Димка щелкнул выключателем на боковой стенке шкафа. Внутри загудели мощные лампы. Окно стало раскаляться желто-оранжевым светом, словно приоткрылась топка печи. Казалось даже, что от окошка повеяло жаром. За стеклом простерлась пустыня. Мертво застывшие волны песка, на переднем плане реальные до жгучести, до шуршания и скрипа на зубах, почти незаметно переходили в рисованную неживую зыбь до самого горизонта, где сплавлялись с выцветшим от зноя желтоватым небом.
— Это, значит, до преображения, — сказал Димка. — Теперь строим гелиостанцию, бурим артезианские скважины — и всё ладушки. Солнце дает ток, ток вертит насосы, насосы качают воду. Гоп!
Он опять щелкнул боковыми выключателями. Желто-оранжевое пламя стало меркнуть, меркнуть. Но в тот момент, когда на стекле еще не совсем угасло свечение, сквозь него ударили разгорающимся узором пучки разноцветных лучей, и через несколько секунд пробужденная пустыня сияла за окном сочными красками. На переднем плане протянулись постройки гелиостанции с ячеистыми панелями солнечных батарей, похожими на пчелиные соты. Вокруг бушевала зелень. Влажные травинки у самого стекла, казалось, можно потрогать руками, а дальше теснились кусты, ряды пышных деревьев. Проглядывали среди листвы сахарно-белые домики. Зеленый разлив дотягивался почти до горизонта, и только там, на границе с голубым небом, его окаймляла мертвенно-желтая полоска отступивших песков.
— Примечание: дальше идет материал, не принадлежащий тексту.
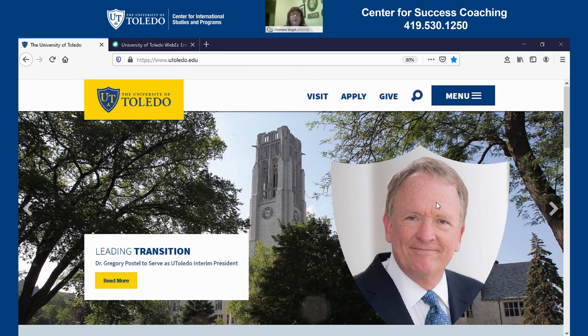Hi, my name is Dorian Vogel and I am the success coach for the undergraduate international students here at the University of Toledo. Today I'm going to talk to you a little bit about how to use your UT portal and some of the information that you can find there.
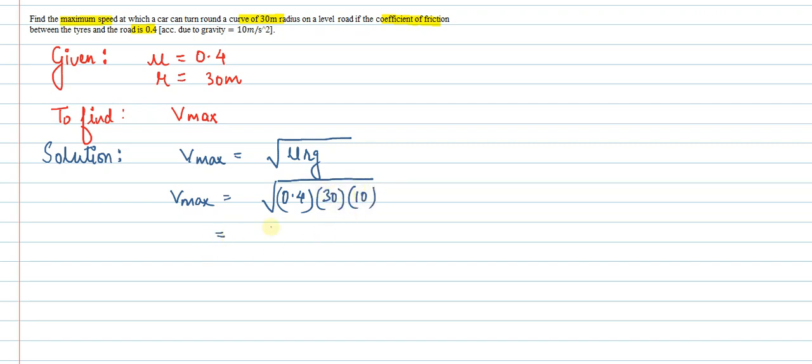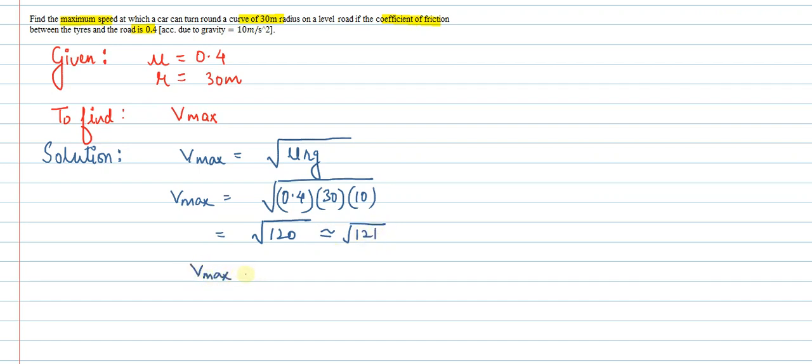We solve this: it comes out to be √120, which we can approximate as √121.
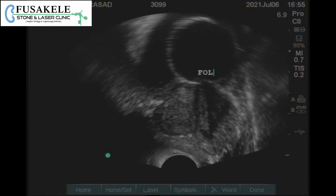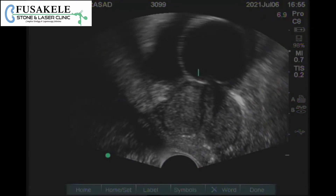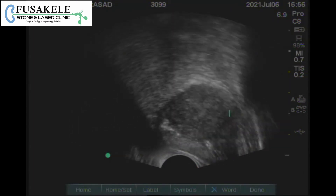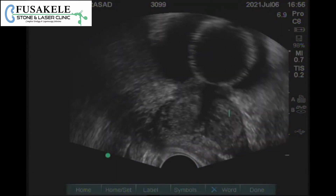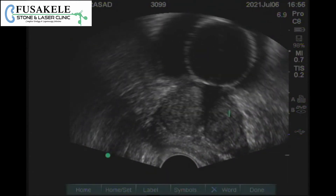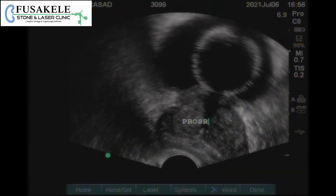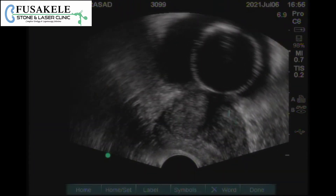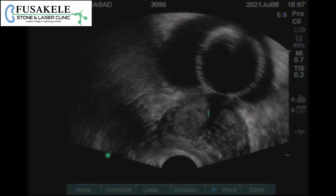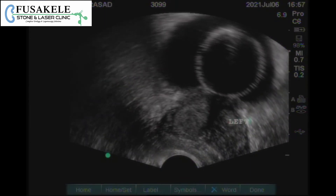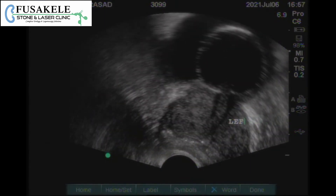Then the prostate is seen. In the axial section, we can see the good zonal anatomy of the prostate, where both lobes and the urethra are visible. This is the right lobe of the prostate, this is the transitional zone, this is the urethra, and this is the left lobe of the prostate. We can also very well see the peripheral zone.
— Фу ты, черт! — выдохнул Марик. — Прямо волшебство! Как вы это делаете? Зеркала?
— Зеркала, — сказал Димка.
— Ты придумал?
— Почему — я? Штука известная. Говорят, еще в Древнем Египте жрецы своих верующих такими чудесами дурили.
— Но сделал всё — ты?
— Шкаф столяры сделали. Подсветку и зеркальную систему — электрики. А так, конечно, всё сам, и предметные планы, и живописные. Я бы никого и не пустил мешаться! — Димка щелкнул выключателем. Гудение стихло, солнечный оазис начал меркнуть и угас за темным стеклом. — А то еще лампы сгорят к едрене-фене перед самой сдачей.
— Это для какого музея? — спросил Григорьев.
— Это не для музея. Аллигаторы заказали. Мелиораторы. Для выставки. Повезут братьям-пустынникам показывать. В Алжир или в Тунис. Реклама.
Димка отошел к ободранному столу, заляпанному красками и клеем, стал вытаскивать из-под него табуретки.
— Садитесь, глобусы! Как там кампания против пьянства, закончилась уже или нет? А то — дадим пьянству бой! — Его прищуренные зеленые глаза смотрели насмешливо, но за едкой веселостью чувствовалось раздражение. Он извлек из сумки бутылку коньяка, из ящика стола — три стакана. Пояснил: — «Старочки»-то не купить. Говорят, ее потому не выпускают, что никак решить не могут, по какой цене продавать. Ну ладно, мы пока вот клопоморчиком перебьемся.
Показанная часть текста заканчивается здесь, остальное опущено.